#### Your task
The copy should begin at the line containing "Converse Женские кеды" and end with the last line below, every line exact and no picture included.

#### Short descriptive text snippets
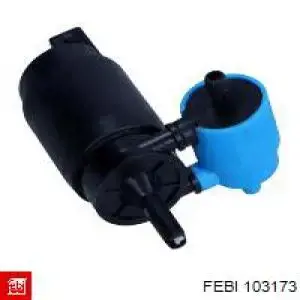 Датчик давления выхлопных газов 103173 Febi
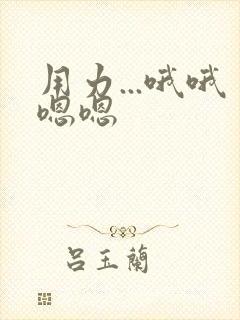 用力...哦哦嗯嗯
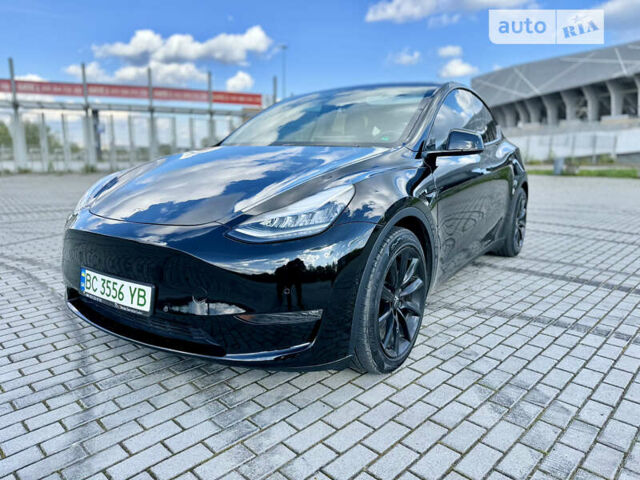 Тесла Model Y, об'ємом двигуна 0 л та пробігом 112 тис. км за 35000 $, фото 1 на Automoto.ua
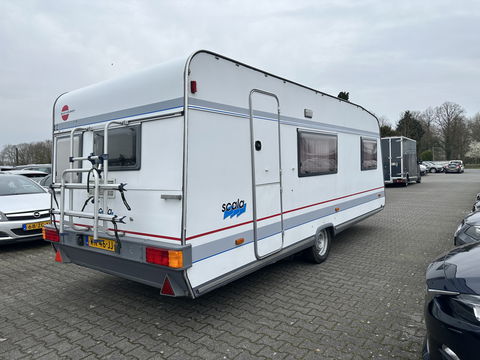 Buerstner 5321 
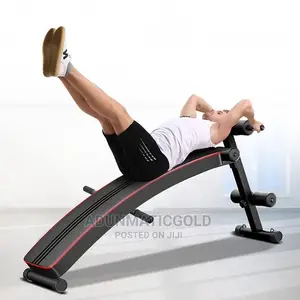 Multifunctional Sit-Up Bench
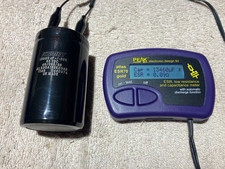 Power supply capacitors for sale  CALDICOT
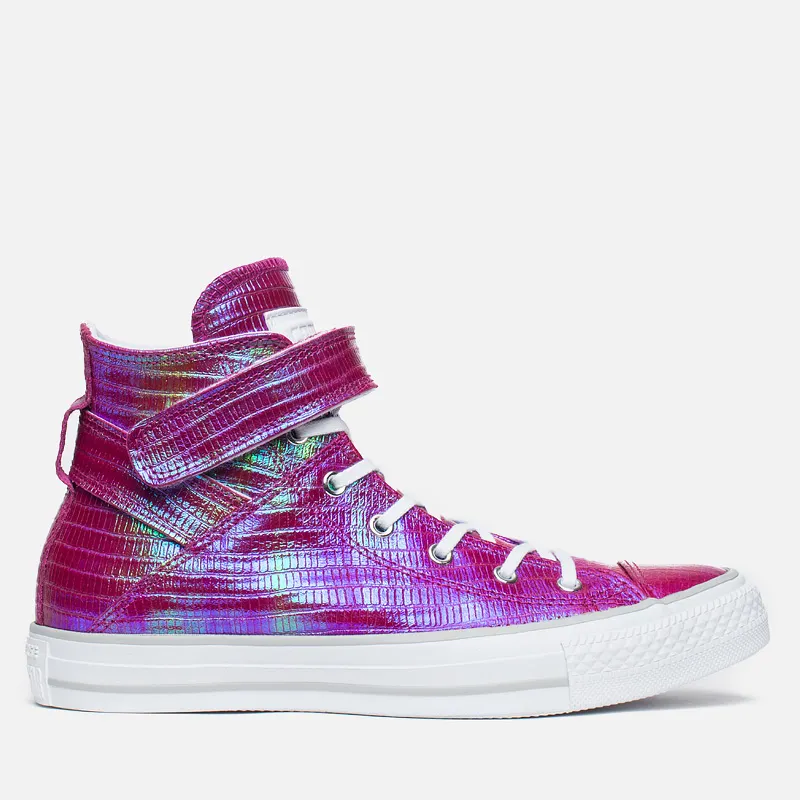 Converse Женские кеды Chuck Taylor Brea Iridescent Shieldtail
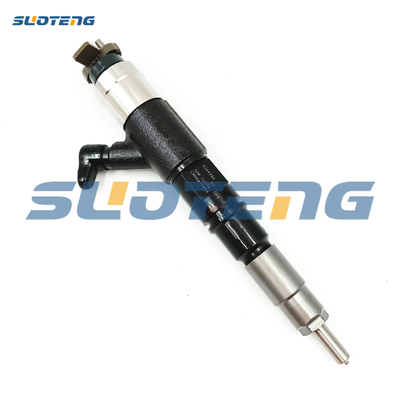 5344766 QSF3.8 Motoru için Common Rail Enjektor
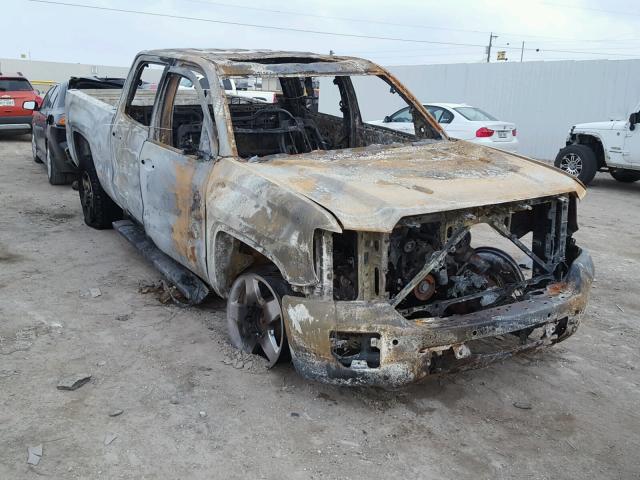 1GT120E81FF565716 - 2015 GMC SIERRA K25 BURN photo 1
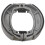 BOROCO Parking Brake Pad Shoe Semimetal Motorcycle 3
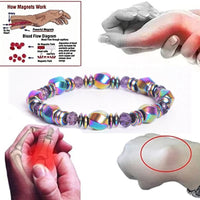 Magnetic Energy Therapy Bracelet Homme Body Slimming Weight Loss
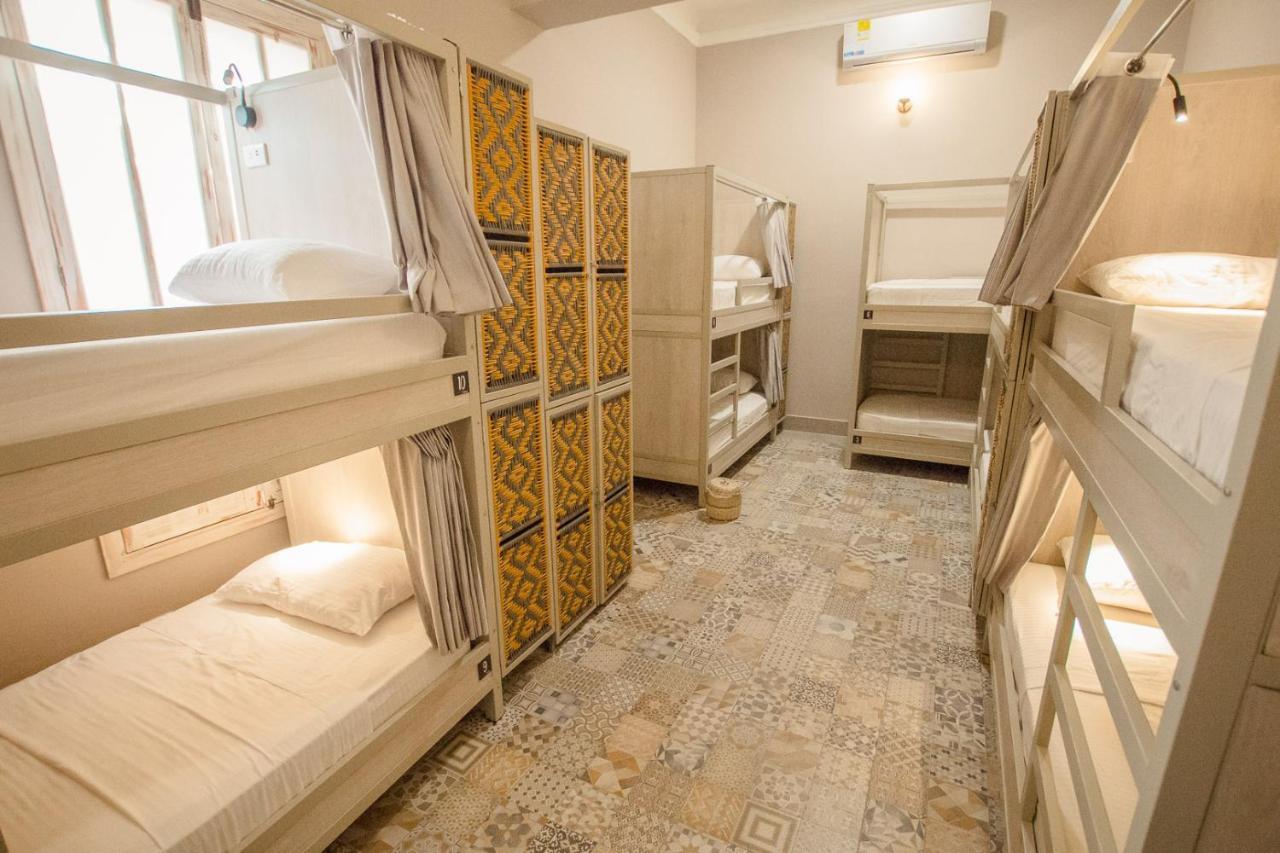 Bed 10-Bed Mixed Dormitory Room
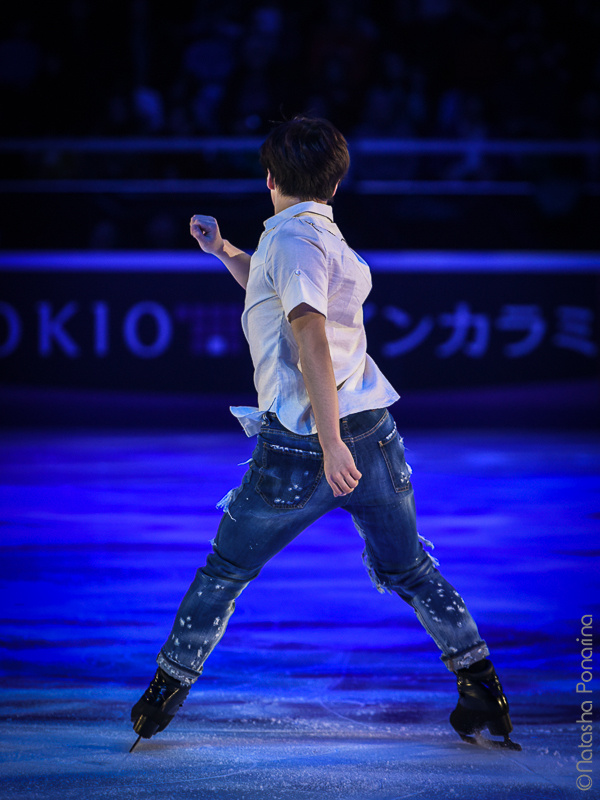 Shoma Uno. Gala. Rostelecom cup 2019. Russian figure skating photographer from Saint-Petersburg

#### Task answer
 Converse Женские кеды Chuck Taylor Brea Iridescent Shieldtail
 5344766 QSF3.8 Motoru için Common Rail Enjektor
 1GT120E81FF565716 - 2015 GMC SIERRA K25 BURN photo 1
 BOROCO Parking Brake Pad Shoe Semimetal Motorcycle 3
 Magnetic Energy Therapy Bracelet Homme Body Slimming Weight Loss
 Bed 10-Bed Mixed Dormitory Room
 Shoma Uno. Gala. Rostelecom cup 2019. Russian figure skating photographer from Saint-Petersburg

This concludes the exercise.